くっついてる前提ですので、ギュスがナチュラルに脳内惚気てます。
大きな鍋のような容器の中心に粒状のものを注ぎ入れる。そこから機械のスイッチを入れるとブォンと低い音が響く。割り箸を割り、二つに分かれた一本を差し入れ、鍋をかき混ぜるように動かすと白いもやのようなものが絡めとられていく。
「レスリー?」
声をかけられて見上げると、ギュスターヴの碧い瞳が私を見ていた。その口元は笑っている。
バンガードでは夏祭りが開催されていた。どこの世界の文化なのかは詳しくは知らないけれど、少なくともサンダイルには無い催しだ。暑い日中を避けて少し涼しくなる夕方頃、屋外に夜店が並びたち、提灯という名の明かりが連なって道を彩っていく。

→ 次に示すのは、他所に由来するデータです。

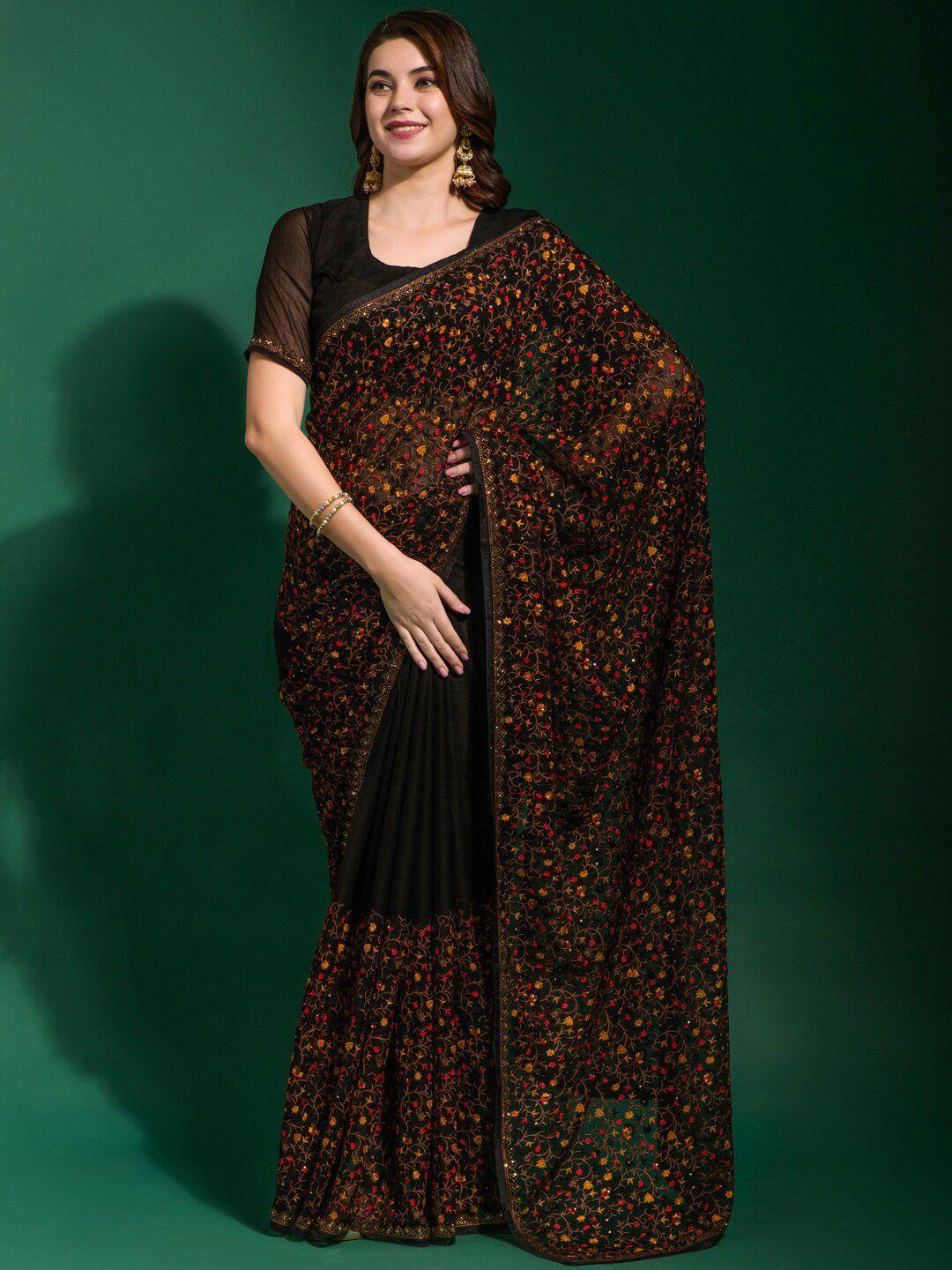 anouk black & red embroidered  beads and stones pure georgette saree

ダリアスは異界の戦士向けに祭りの『正装』なる『浴衣』の貸し出しも行っていた。必ずしもその服装である必要はないらしいけど、宣伝も兼ねてと彼に頼まれて私も着ていた。
それならば、と同行しているギュスターヴも合わせるように浴衣を見繕った。もっとも彼の場合は私が着ずとも好奇心で自ら着用していたかもしれない。

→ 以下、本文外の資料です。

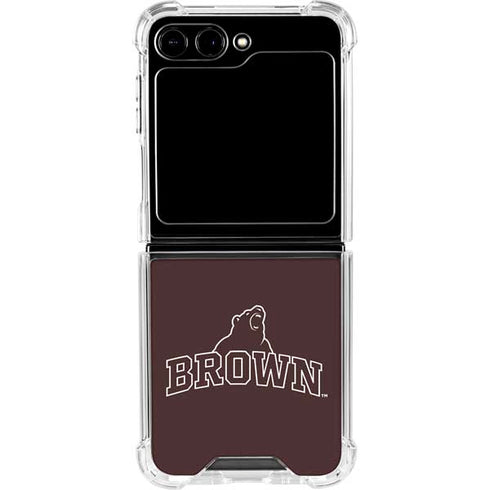 Brown University Outlined Galaxy Z Flip5 5G Clear Case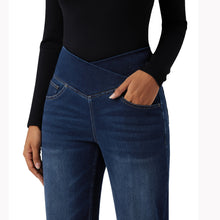 Load image into Gallery viewer, Shascullfites High Waisted Tummy Control Dark Blue Casual Straight Leg Jeans Crossover Design with Pockets for Women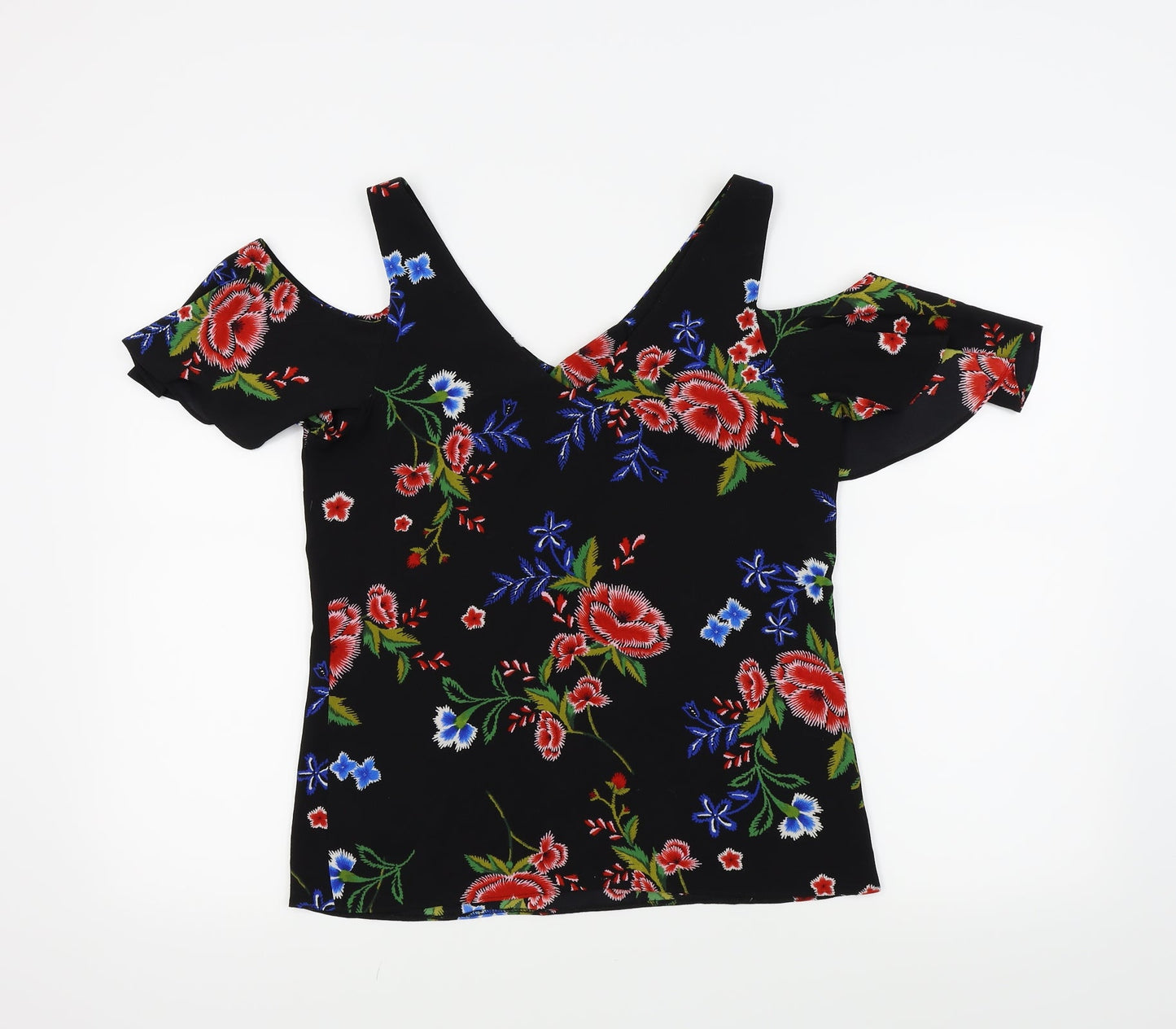 Peacocks Womens Black Floral  Basic Blouse Size 8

深い紅色の布をゆったりと纏った彼はいつもと雰囲気が違う。着ている本人は何も変わっていないはずなのに、非日常を感じてこっちが変に浮き足立ってしまう。
ギュスターヴが先程まて見ていた店の売り物を指さした。
「これ、食べられるんだろう? 熱心にじっと見つめて、そんなに腹が減っているのか?」
「もう、違うわよ」
食い意地をはってるみたいに言わないで欲しい。割り箸に絡まったもやは雲のように大きくなっていた。ふわふわとやわらかそうなそれが食べ物なのだと言われてもちょっと信じられない。どんな味がするのだろう。舐めてみたらどんな感触がするのだろう。そんなことを考えながら眺めていただけ。
「わたあめ、か? これが気になるのか」
私が頷くやいな、ギュスターヴはすぐ出店の前まで行くと指を二つ出して注文をすませてしまう。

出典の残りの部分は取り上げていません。